TASK TO COMPLETE
Leaving out each picture, transcribe the lines of the listing below exactly from the first through the line that contains "Zadní strana černého".
☆ ☆ ☆ ☆
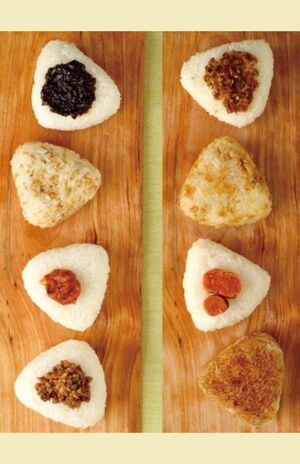安部氏が開発した「魔法の調味料」さえあれば簡単に作れる「おにぎり」。左上から「甘みそ」「味ごま」「ねり梅」「豚みそ」、右上から「おかか昆布」「きざみいなり」「たらこのたたき」「焼きおにぎり」（撮影：佳川奈央）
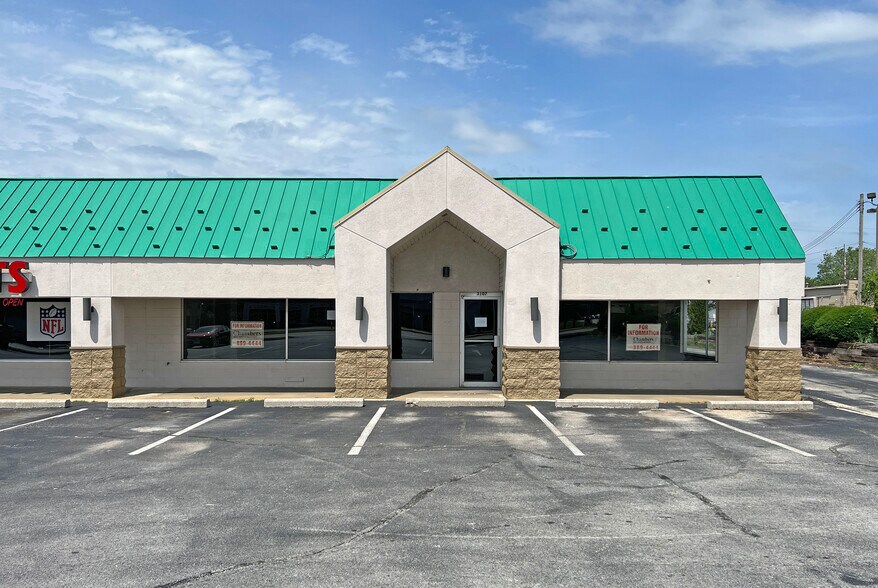3107-3123 S Campbell Ave, Springfield, MO à louer - Photo principale – Image 1 sur 7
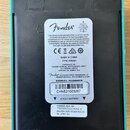 Zadní strana černého efektpedálu s bílou papírovou štítkem. Na štítku je logo Fender a nápisy: 9VDC, 115mA POWER, MADE IN CHINA, TYPE: PR5297 a adres…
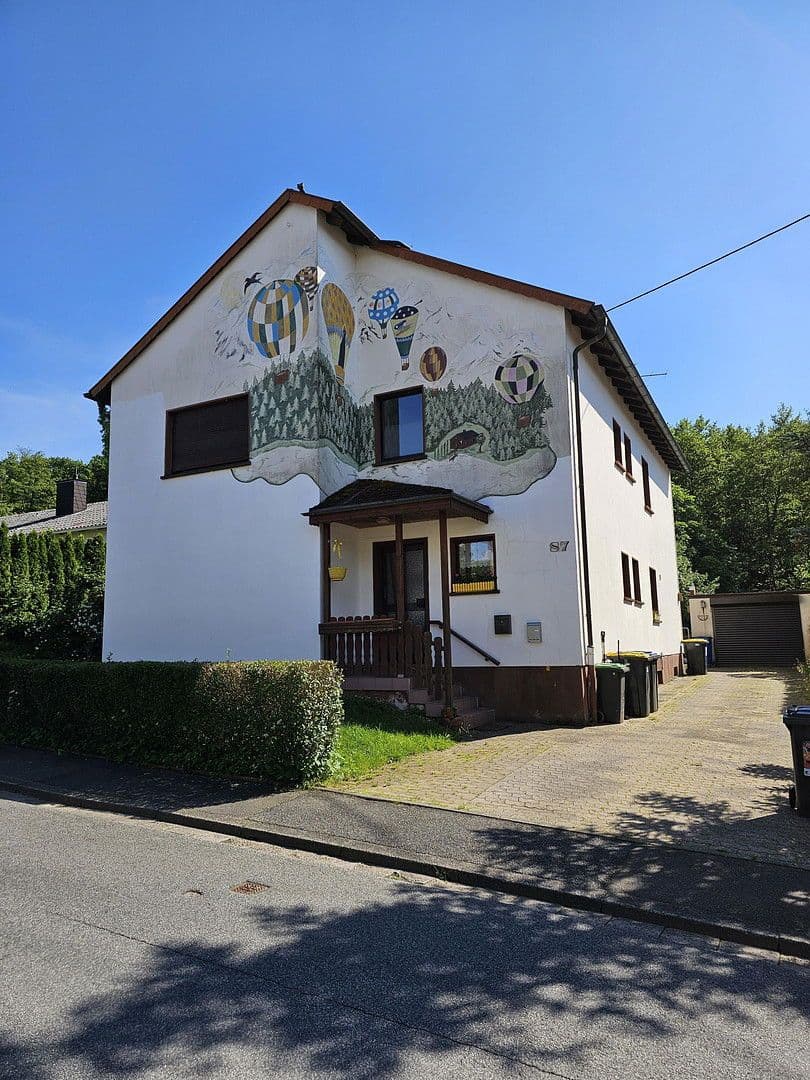 Prodej domu 260 m², pozemek 791 m², Neunkirchen, Země Sársko Prodej domu 260 m², pozemek 791 m², Neunkirchen, Země Sársko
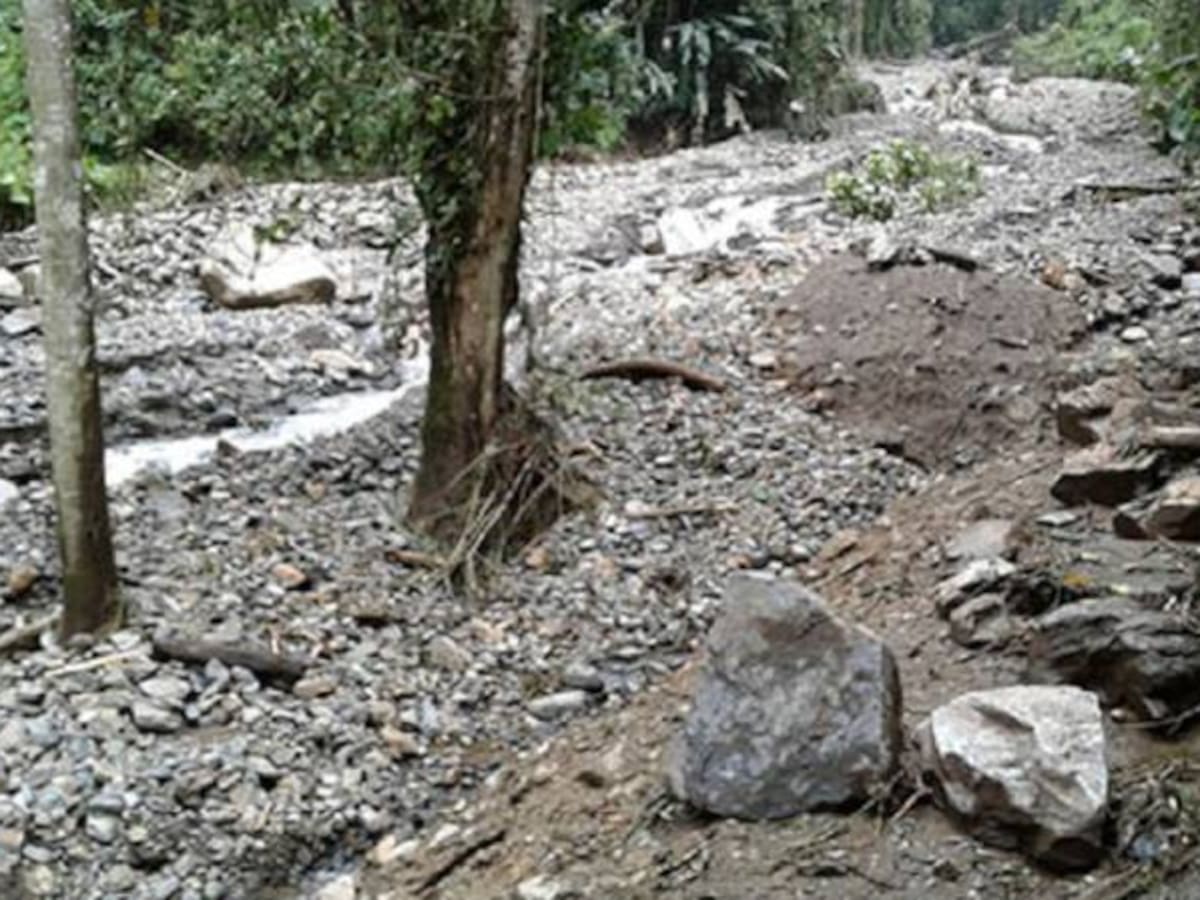 Emergencia vial en Santuario por desbordamiento de la quebrada El Diablo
☆ ☆ ☆ ☆
ANSWER BELOW
安部氏が開発した「魔法の調味料」さえあれば簡単に作れる「おにぎり」。左上から「甘みそ」「味ごま」「ねり梅」「豚みそ」、右上から「おかか昆布」「きざみいなり」「たらこのたたき」「焼きおにぎり」（撮影：佳川奈央）
3107-3123 S Campbell Ave, Springfield, MO à louer - Photo principale – Image 1 sur 7
 Zadní strana černého efektpedálu s bílou papírovou štítkem. Na štítku je logo Fender a nápisy: 9VDC, 115mA POWER, MADE IN CHINA, TYPE: PR5297 a adres…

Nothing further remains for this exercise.